Bolivia President, Former FMs Discuss Sea-Dispute Case against Chile

LA PAZ – Bolivia’s President Evo Morales met on Wednesday with a group of former foreign ministers to prepare for the final phase of a sea-access case brought against Chile before the International Court of Justice in The Hague, Netherlands.

Morales took part in the meeting at the presidential palace in La Paz along with his vice president, Alvaro Garcia Linera, and current foreign minister, Fernando Huanacuni.

Also attending were a group of Bolivian former foreign ministers: Carlos Iturralde, Gustavo Fernandez, David Choquehuanca, Javier Murillo and Carlos Saavedra.

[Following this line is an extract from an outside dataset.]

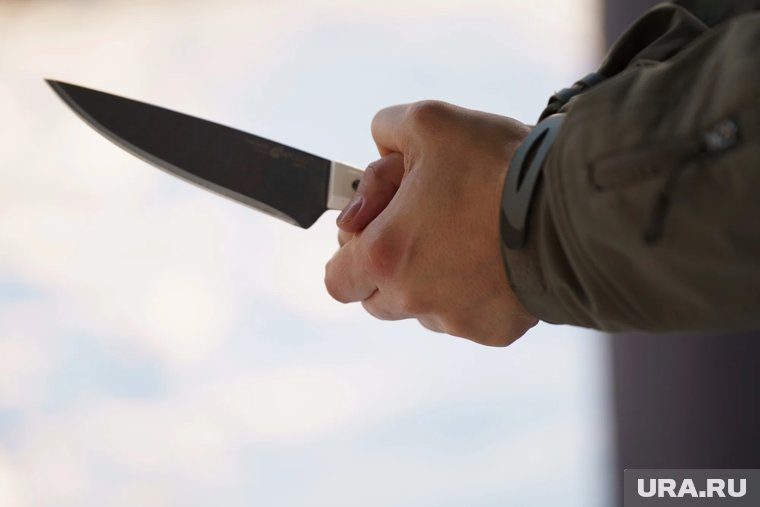 Подозреваемые в убийстве супругов Новак заявили, что готовили вечеринку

Justice Minister Hector Arce said the suggestions of the former top diplomats were very valuable and that the country was now as well prepared as possible to face the oral phase of the dispute in March, which he called the “most important stage of the proceedings.”

Bolivia and Chile are to begin making their oral arguments in the latter half of March, while the former is to make its closing argument on March 26 and the latter two days later.

During an event Monday celebrating his 12 years in power, Morales said it was important to heal this long-standing wound with Chile and not leave this dispute to be resolved by future generations.

Bolivia lost 400 kilometers (250 miles) of coastline and 120,000 sq. kilometers (46,330 sq. miles) of territory to Chile as a consequence of its 1879-1880 participation in the War of the Pacific, a conflict in which Chile defeated Peru and Bolivia and wrested territory from its neighbors.

La Paz brought the case before the ICJ in 2013 in a bid to force Chile to negotiate a deal that would give it at least a portion of the Pacific coastline.

Chile says there is nothing to negotiate because the countries’ borders were established in a 1904 peace treaty.

In 2015, however, the World Court agreed with Bolivia that it had jurisdiction to hear the case.

The ICJ said then that Bolivia’s claims about Chile’s obligation to negotiate sovereign access to the Pacific were not addressed in the treaty.